Tuesday, January 29, 2019

Fear of crime: 'All the devils are here'

Nestor Ramos writing about fear for the Boston Globe:
It is easy, days like these, to look out the window or peer through the prism of our glowing screens and see a world that is full of monsters.
Maybe people have always harbored these feelings: moral panics, witch hunts, folk devils. “Hell is empty,” William Shakespeare wrote in “The Tempest” about, oh, 400 years ago. “And all the devils are here.”
But while fear of the people who populate the world around us is no new phenomenon, it feels today like something approaching an epidemic.
And who wouldn’t be fearful, if you follow the news at all? Like so many people accused of heinous crimes all over the country, [a criminal's] face was plastered on every television set, homepage, and front page this week, his bizarre social media presence offering no shortage of disturbing comments and strange selfies. 
So it is not just easy but tempting to think that there are terrifying figures lurking, waiting, unhinged and everywhere, like devils among us.
But there aren’t.
And it is in the moments when that temptation — when that fear — begins to feel particularly acute that we would do well to remember that. Whatever tiny kernel of reality there may be in the notion that the people we don’t recognize are inherently out to get us, the fiction we build around the grain of truth is a lot more dangerous. It breeds a fear that leads us inexorably toward our worst impulses.

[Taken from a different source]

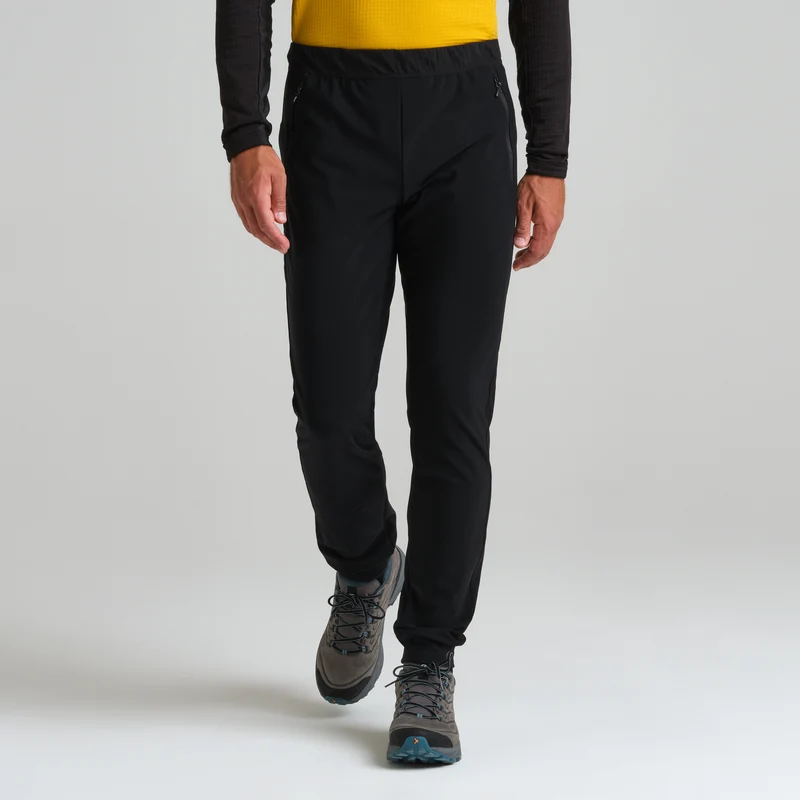 SOUND WINTER PANTS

Let that fear fester, and we begin to forget one of the foundational tenets of both Judeo-Christian religion and secular ethics: love for our neighbors. We stockpile weapons, imagining all the nightmare scenarios in which we might use them, though the reality is that they dramatically increase our own risk of injury or death. We call authorities on anyone who looks out of place — “better safe than sorry,” we tell ourselves, without stopping to consider whose safety we might be risking.
Focus on that fear long enough in our hearts, and we’ll begin to build walls in there. Eventually, those walls become literal, built on the persuasive power of horror stories about attacks or abductions, however rare, that ended far worse than this one did.
The idea of an America awash in evildoers has a certain twisted appeal. We will always grasp for explanations when terrible, inexplicable things happen.
Our current national preoccupation — $5.7 billion worth of steel slats or whatever — is being sold to the public not on the basis of facts, but fear. No serious analysis suggests it will do anything meaningful to keep America safe. And so proponents point to the kind of grisly cases that stoke fear: American carnage, as someone put it at the capitol a couple years ago now.
There is a simple and quite famous phrase that encapsulates all this. The words are indelible on our national consciousness; you already know them by heart. But somehow, in the nearly 86 years since Franklin Delano Roosevelt delivered his first inaugural address, his famous words’ meaning has been forgotten:
 “The only thing we have to fear is fear itself.”